Le retour des vautours

Le printemps est de retour, et avec lui les huissiers et leurs avis d’expulsion. Justice aux yeux bandés: la SIP éjecte une mère de famille, femme battue…

Publié le 1 mai 2006

 » Je n’ai pas fermé l’oeil de la nuit « , me chuchote Estelle sur le banc du tribunal. Autour de nous, des couples, des mères et leurs filles, des jeunes, des vieux dans le même cas qu’Estelle: assignés en justice pour arriérés de loyer.  » J’ai recopié plusieurs fois la lettre où j’expose ma situation, jusqu’à ce qu’elle soit vraiment propre, bien écrite. J’ai trouvé une astuce, parce que les caractères penchaient : j’ai pris une feuille à carreaux à ma fille, là, c’était mieux. « 

Sa situation, c’est qu’Estelle doit un peu moins de 3 000 € à la SIP. Suffisant pour recevoir les visites de l’huissier et passer, ce matin, devant Monsieur le juge. Voilà deux ans, pourtant, qu’elle réclame un appartement plus petit:  » En 98, j’ai aménagé dans un F.5 avec mes cinq gamins. Avec mes APL, les allocs, ça allait. «  Mais depuis, les deux aînées se sont installées, le cadet de 21 ans « se laisse vivre »,  » je n’ai plus que mes deux plus jeunes. C’est vide, sans meubles, je suis logée chez Louis Carton… « , et les aides fondent en conséquence: lui échoient 650 € à sa charge.
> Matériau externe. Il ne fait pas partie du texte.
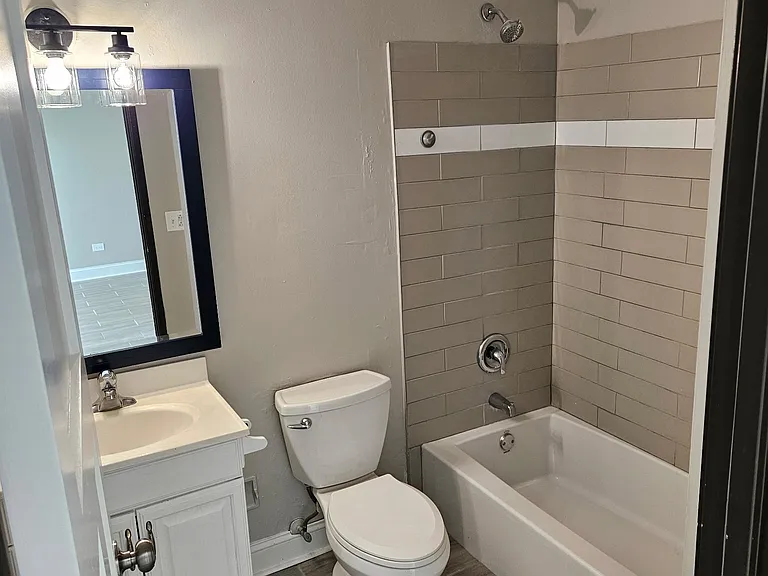 321 W Hawthorne Cir #3B — Photo 5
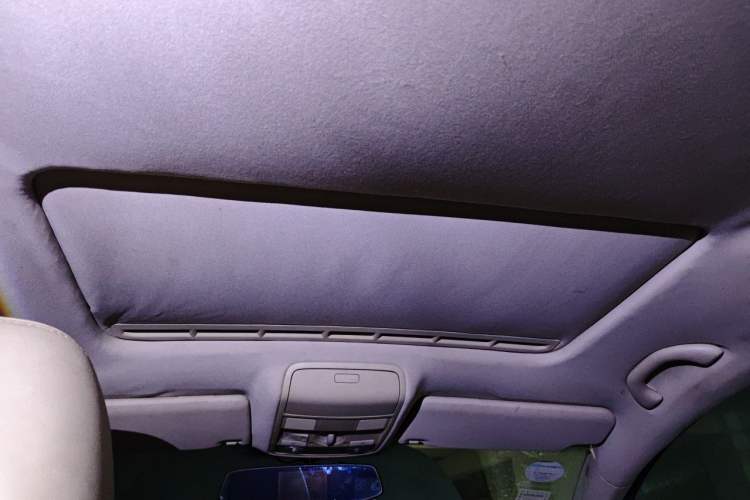 Used Volkswagen Golf 2011 1.6L Automatic Comfort Model Headliner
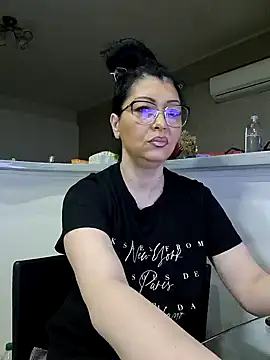 Snapshot of Milf_Abigail chatting on March 15, 2025, 10:11 pm Milf Abigail online show from March 15, 2025, 10:11 pm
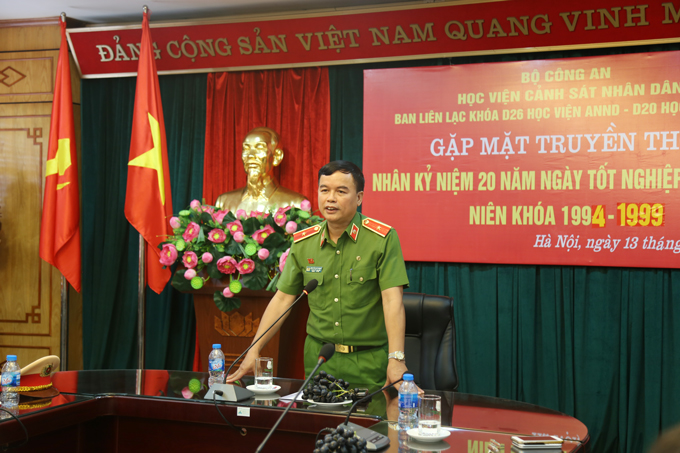 Thiếu tướng, GS.TS Nguyễn Đắc Hoan, Phó Giám đốc Học viện tham dự buổi gặp mặt.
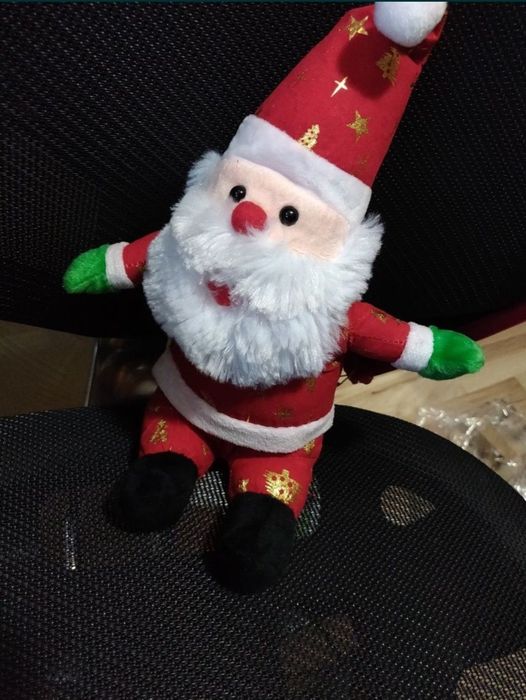 Plus mos Crăciun nou simpatic poate fi cadou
Dur dur avec un RMI et 180 € de CAF…

Cercle vicieux

Aussitôt, elle réclame un F2, ou un F3.  » Attendez que ça se libère « , lui répond une conseillère. Donc sa dette s’alourdit, donc elle réclame à nouveau un F2 ou un F3, avec cette réponse désormais:  » Impossible: il faut d’abord épurer votre passif. «  L’engrenage est en marche: plus son endettement se creuse, plus on lui interdit une mutation, et donc plus son endettement se creuse, etc.

 » J’ai pu donner 200 € à la SIP grâce à un rappel de RMI. Je veux leur fournir des petites mensualités, mais ils refusent: ils veulent tout ou rien, et tout je ne peux pas. Pourquoi ils ne veulent pas comprendre? Faut que je braque une vieille pour trouver cet argent?  »

C’est une femme battue, Estelle, au départ. Voilà pourquoi elle a quitté sa campagne, ses cinq gamins sous le bras. A la télévision, dans le JDA, on pleure sur ces  » victimes « ,  » martyrs « , etc. Pourquoi pas. Sauf que derrière, voilà la vie qu’on leur mène, à elle en tout cas: tout l’arsenal de la Justice contre elle, pas pour la reconstruire mais pour la briser une seconde fois.